Amid the absence of any strong catalyst to shake the EUR/USD out of its 'too familiar' levels, the market continues being held hostage by stop-loss hunters and short-lived spikes, hardly a receipt to establish much of a technical bias as far as October price action goes.
We opened the present month stuck in a 1.3172 -1.2810 range, and looks like the big traders, not keen to join the choppy trading conditions, will fail to challenge and change the technical landscape in coming days. Neither a pallid Fed policy meeting nor Draghi's speech before the German Bundestag produced much excitement yesterday (Wednesday), with buyers losing the 1.30 technical level on downbeat German IFO and EU PMI, the main take away.
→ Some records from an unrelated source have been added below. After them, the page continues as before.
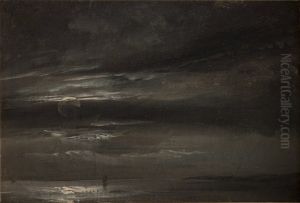 Maneskin over havet by Johan Wilhelm Ludwig Dahl
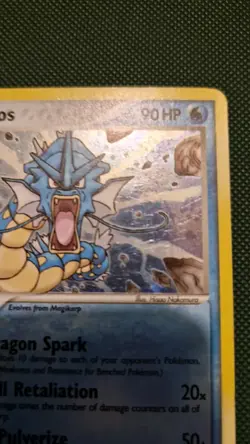 SPECIAL PRICE, TODAY ONLY!! RARE SWIRL Pokemon Gyarados EX Deoxys 8/107 NM/LP - Image 2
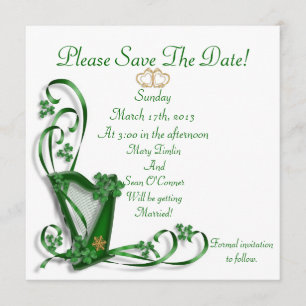 Iren Save the Date für Wedding, Harfe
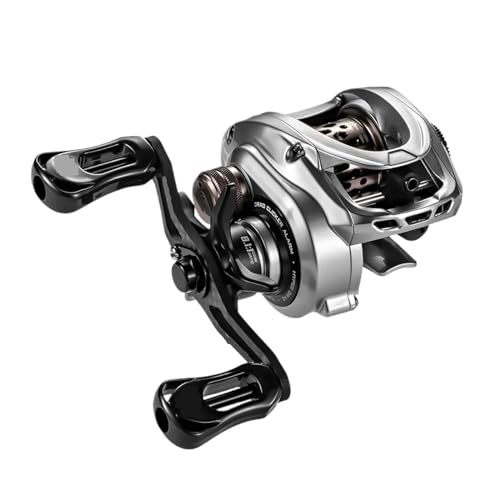 ���y�� Baitcasting ���[���ނ胊�[�� 7.1/8.1 �M�A��C�� 10 + 1BB 4 �L���p���[ Baitcaster �g���₷��(8.1 Double Spool,Right hand.)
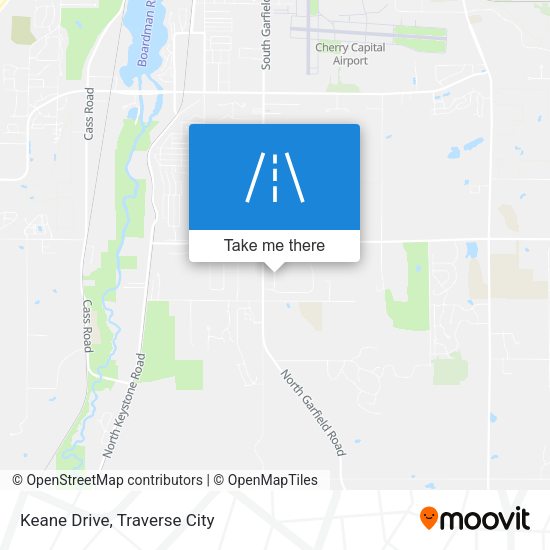 Mapa de Keane Drive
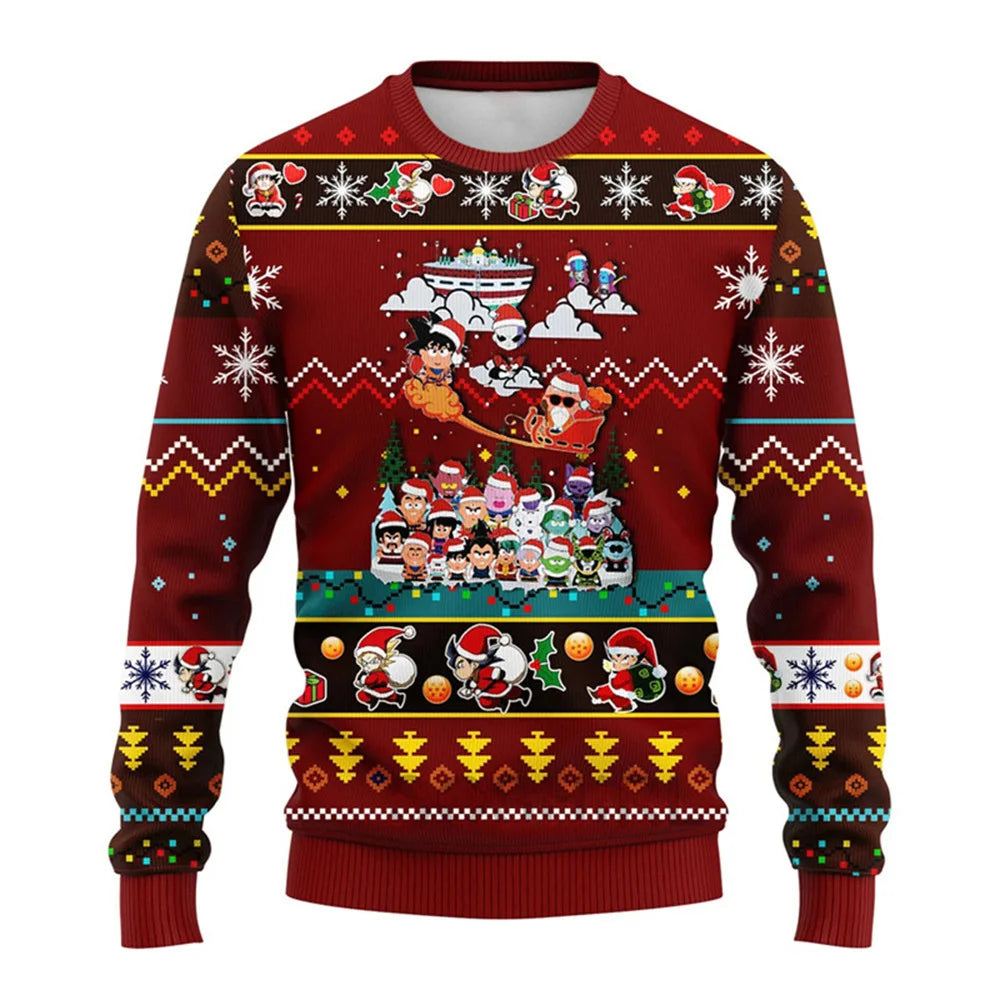 Dragon Ball Anime Sweater: Christmas Style Pullover Gift (ONLINE ORDER ONLY)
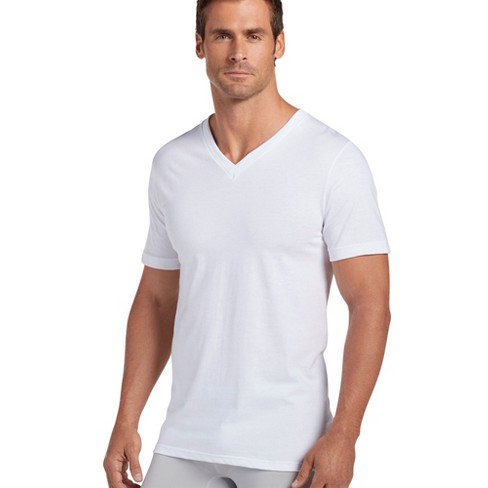 Jockey Men's Classic V-neck T-shirt - 6 Pack M White : Target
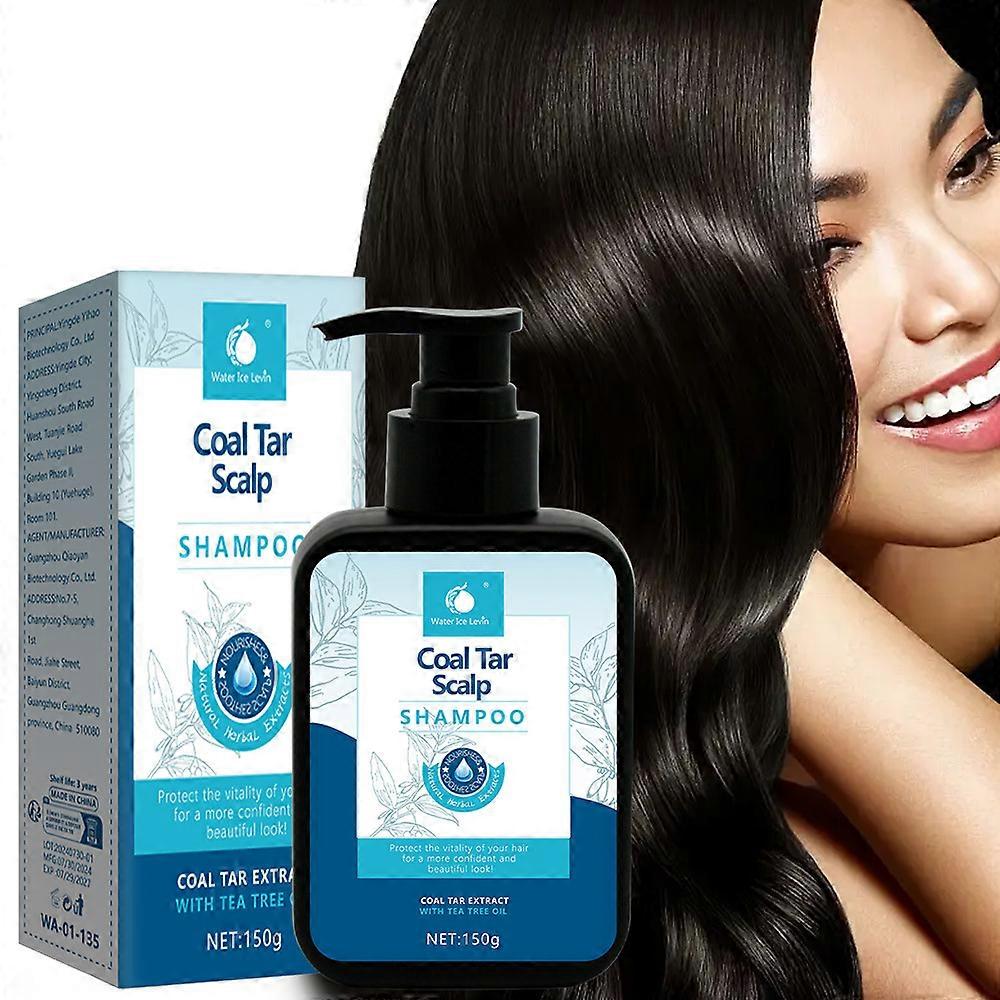 Scalp Relief Coal Tar Shampoo – Antidandruff Formula for Seborrheic Dermatitis, Soothes Itchy Scalp & Hydrates Dry Hair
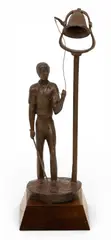 Oscar Graves, the Bell Ringer, 1978, Bronze Sculpture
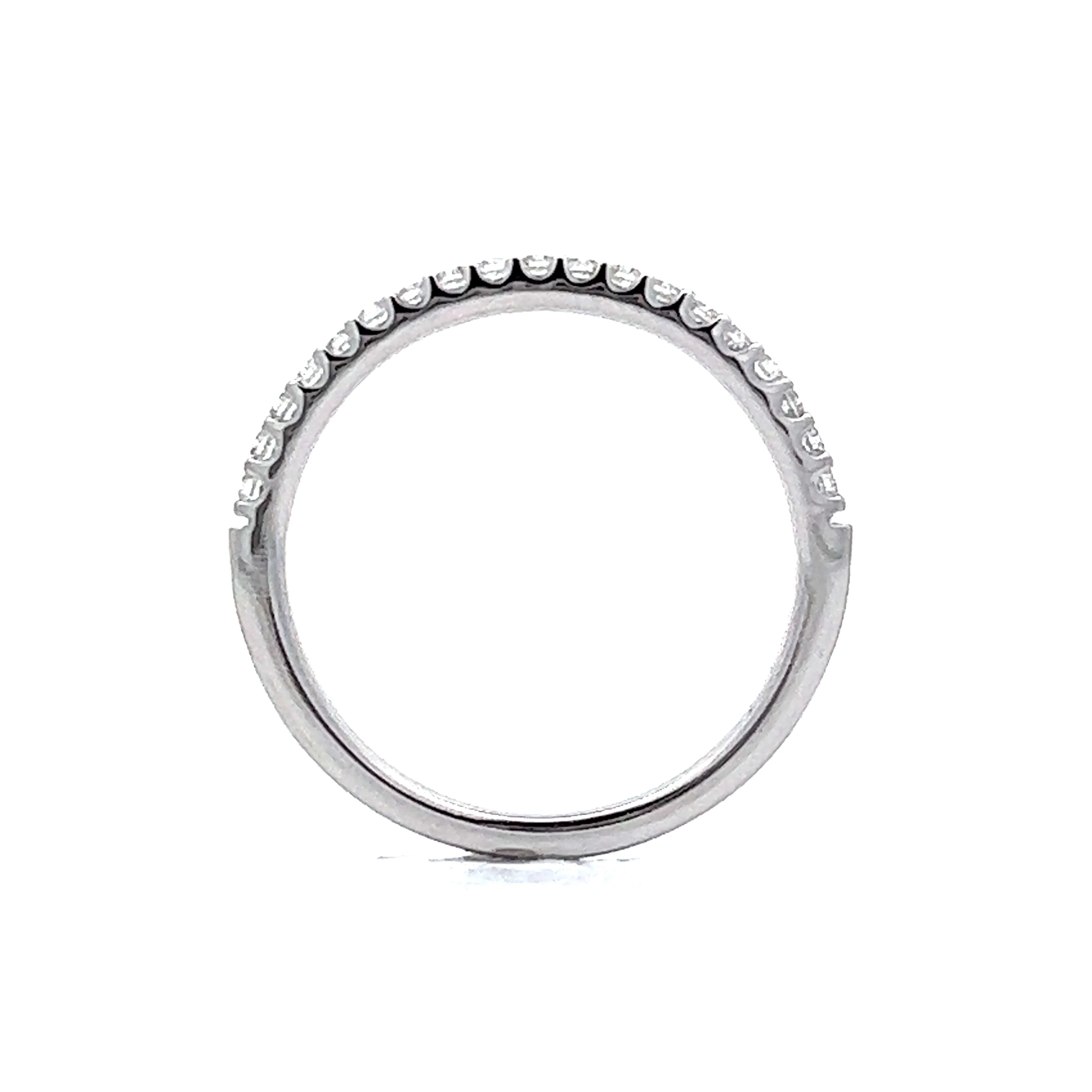 .21 Round Diamond Wedding Band in 14k White Gold - Image 4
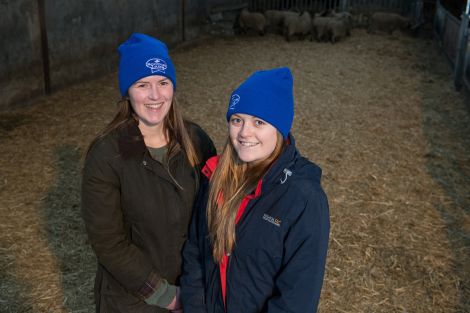 Aimee Budge on the right with sister Kirsty.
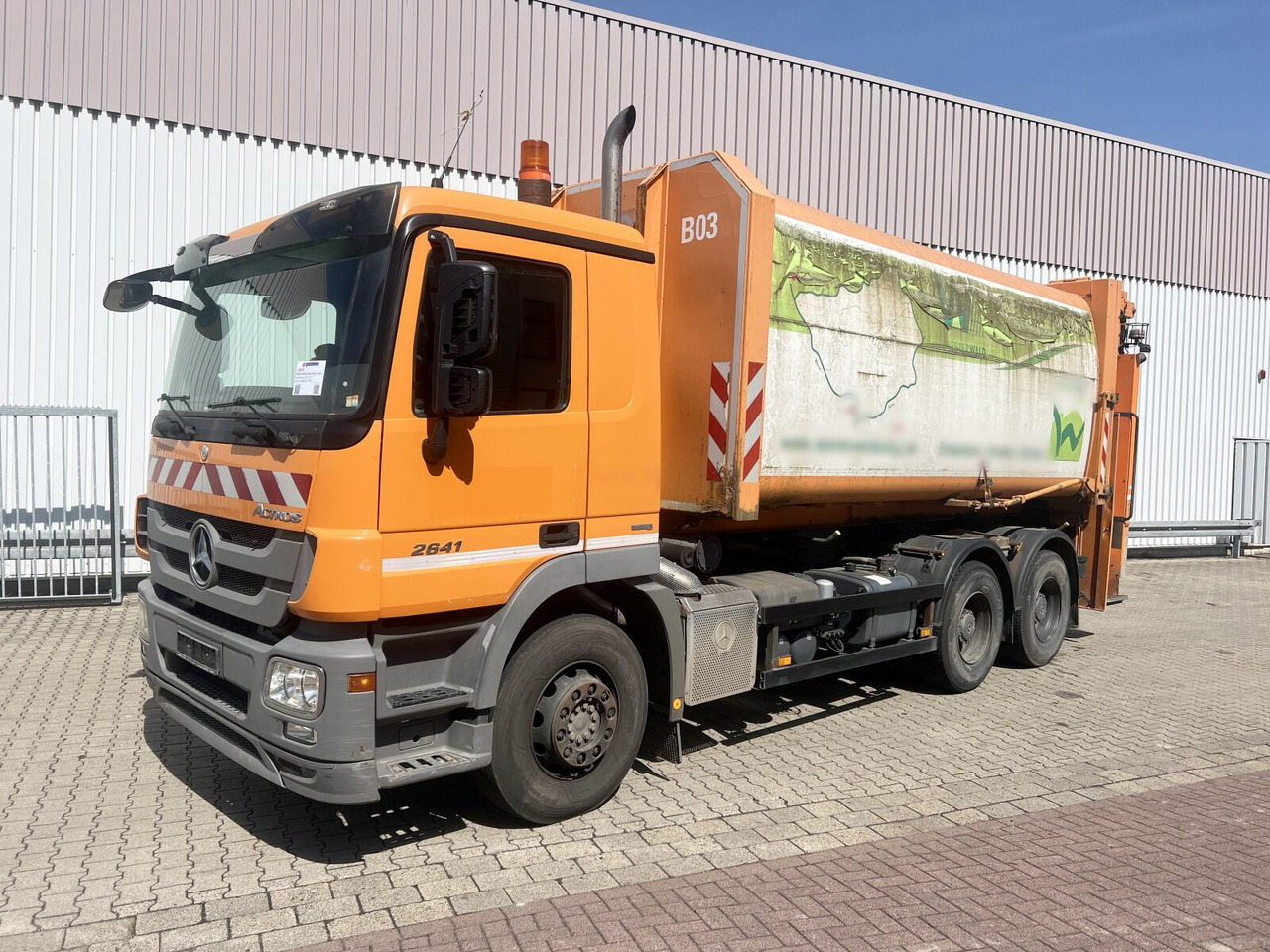 Mercedes-Benz Actros 2641/48 L 6x4 Actros 2641/48 L 6x4, Seilabroller, Haller Lotos, Zöller Schüttung - Benne à ordures ménagères: photos 1 Mercedes-Benz Actros 2641/48 L 6x4 Actros 2641/48 L 6x4, Seilabroller, Haller Lotos, Zöller Schüttung - Benne à ordures ménagères: photos 1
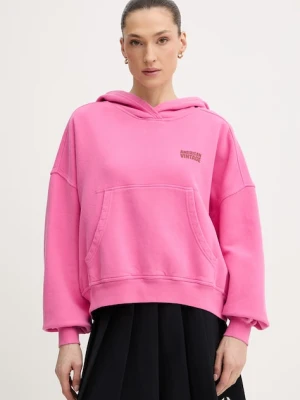 American Vintage bluza z kapturem damska bawełniana
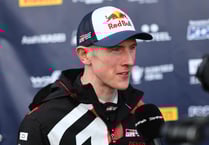 Elfyn Evans 'managing the risks' as he continues to lead Rally Japan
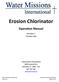 Chlorinator Operation Manual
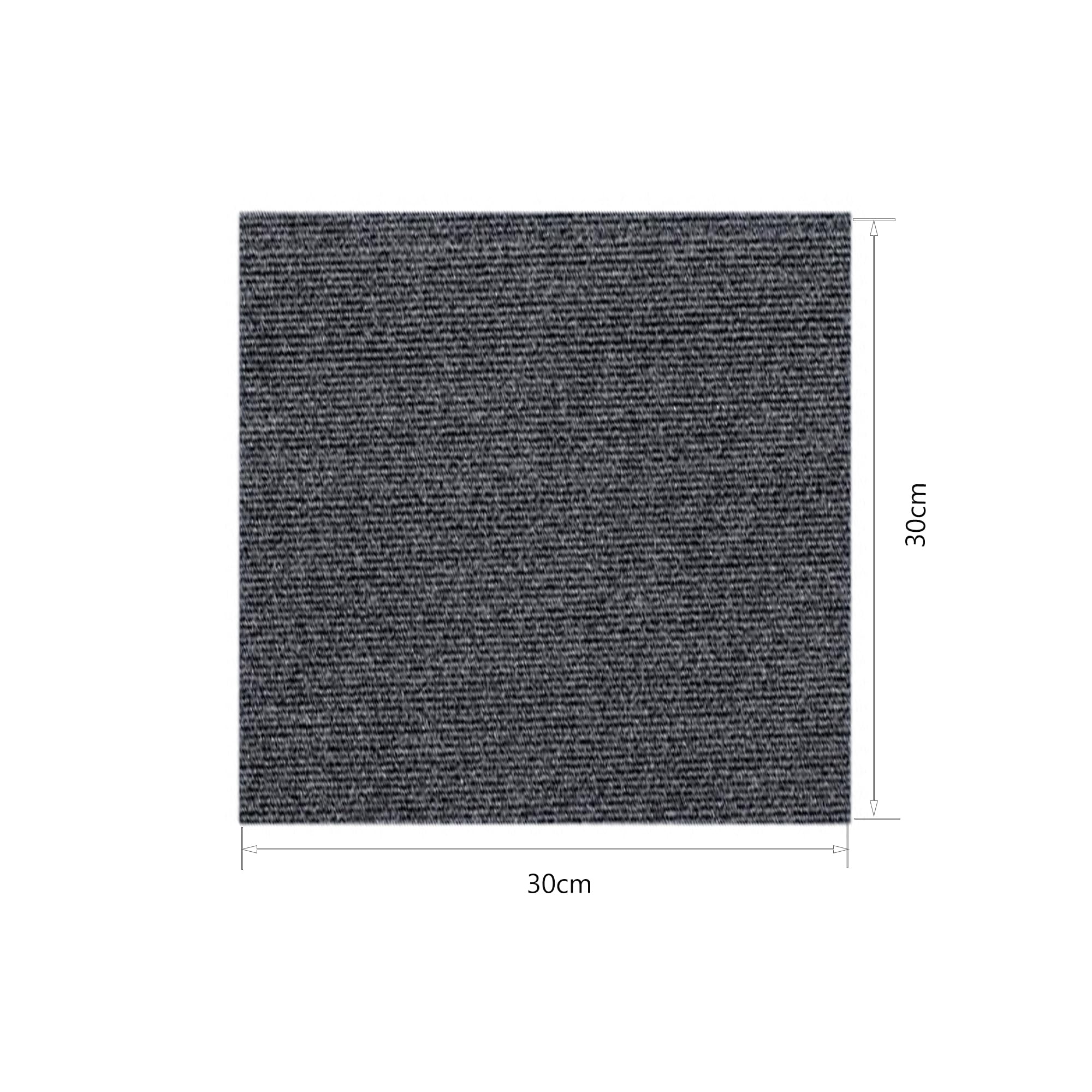 CINY 30PCS Autoadhesivo Alfombra Azulejos,30x30cm Fácil de pelar y pegar baldosas de suelo, durable, antideslizante resistente, adecuado para el dormitorio, oficina, estudio（Gris oscuro）
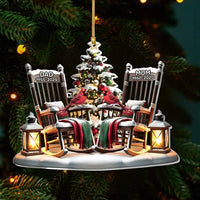 Close-up of Cardinal Christmas Memorial Ornament, Personalized Remembrance Rocking Chair Keepsake, Sympathy Bere for streetwear fans in Los Angeles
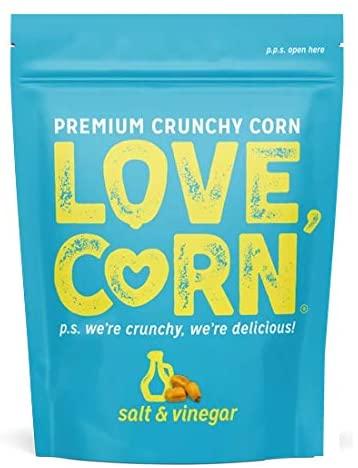 Love Corn Salt & Vinegar Roasted Corn 45g (Pack of 10)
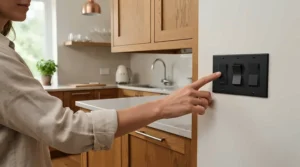 Using a smart switch for multi-gang plates to manage kitchen overhead and under-cabinet lighting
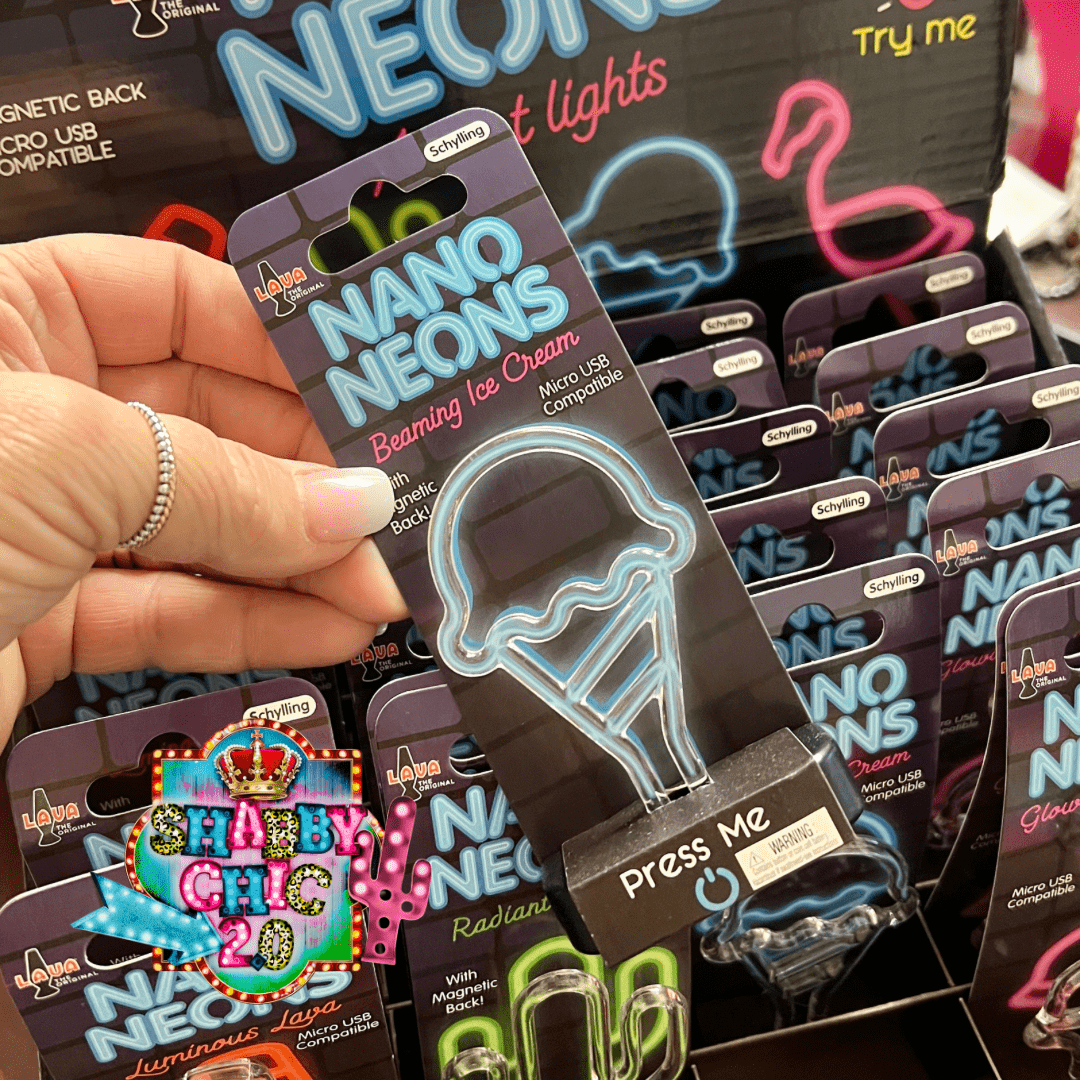 Nano Neons Accent Lights Shabby Chic Boutique and Tanning Salon Beaming Ice Cream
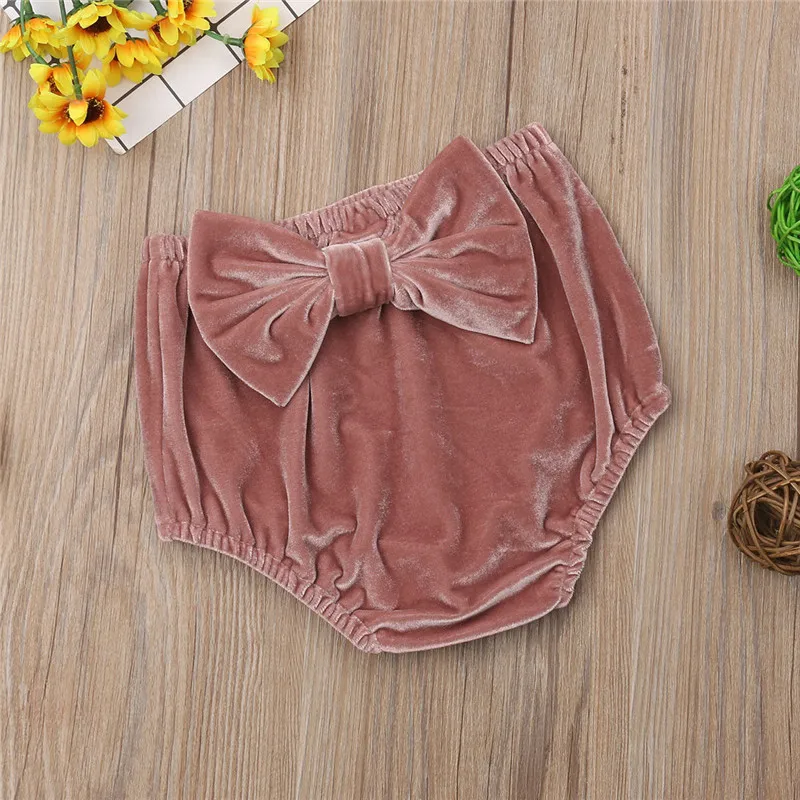 

PUDCOCO New Kids Baby Girl Butterfly Knot Shorts Diaper Cover Panties PP Pants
Don't hold your breath for range break just yet
There are two main factors driving the EUR/USD price these days. One is Spain and the other is how aggressive the Fed QE3 can be. As things stand, lack of clarity on both ends results on the current stalemate.
Yesterday, the Spanish Treasury chief said the country has pretty much completed its funding needs for 2012, raising doubts on any immediate bail-out request, while sparkling fresh media and bank research speculation on holding a request until Q1 2013. The news should keep the euro top-heavy as the ECB OMT-led gains are priced out for now.
On the other side of the pond, the FOMC policy warned again on poor labor market conditions, building the case for further asset purchases through December. According to Capital Economics Strategists,
if [the] jobs market doesn't improve substantially, we wouldn't be surprised to see the Fed add monthly purchases of $40 billion of Treasury securities, matching the $40 billion of agency mortgage-backed securities it is already buying.
EUR/USD, as 'range' as it gets
In the technical domain, Ivan Delgado, Head of Asian Editors at FXstreet.com, notes:
The mild downside push in EUR/USD barely changes little the technical landscape, with the pair still populating around the usual suspect levels. While trading on Wednesday saw bulls in check by 1.3000/10 offers, the slide through European hours also managed to hold a trendline coming off July lows. Current market conditions remain largely driven by stop loss hunting.
Valeria Bednarik, Chief Analyst at FXstreet.com, emphasizes the messy conditions, as "buyers and sellers still battling around, with no visible winner yet" he says. The failed attempt to break below the daily ascendant trend line, which Valeria sees still offering support around 1.2960, together with a 61.8% retracement of latest daily run lays at 1.2950. "Price needs to clearly establish above the 1.2980/1.3000 area to be able to erase those bearish readings and attempt further gains" Valeria adds.
Fan Yang, FX Times Technical Chief, holds a slight bearish bias on the pair, saying that after it held under 1.30,
the EUR/USD will have focus now on the rising trendline from July, which it is likely to meet around 1.2850, so there is still further room to the downside before we have to consider major support.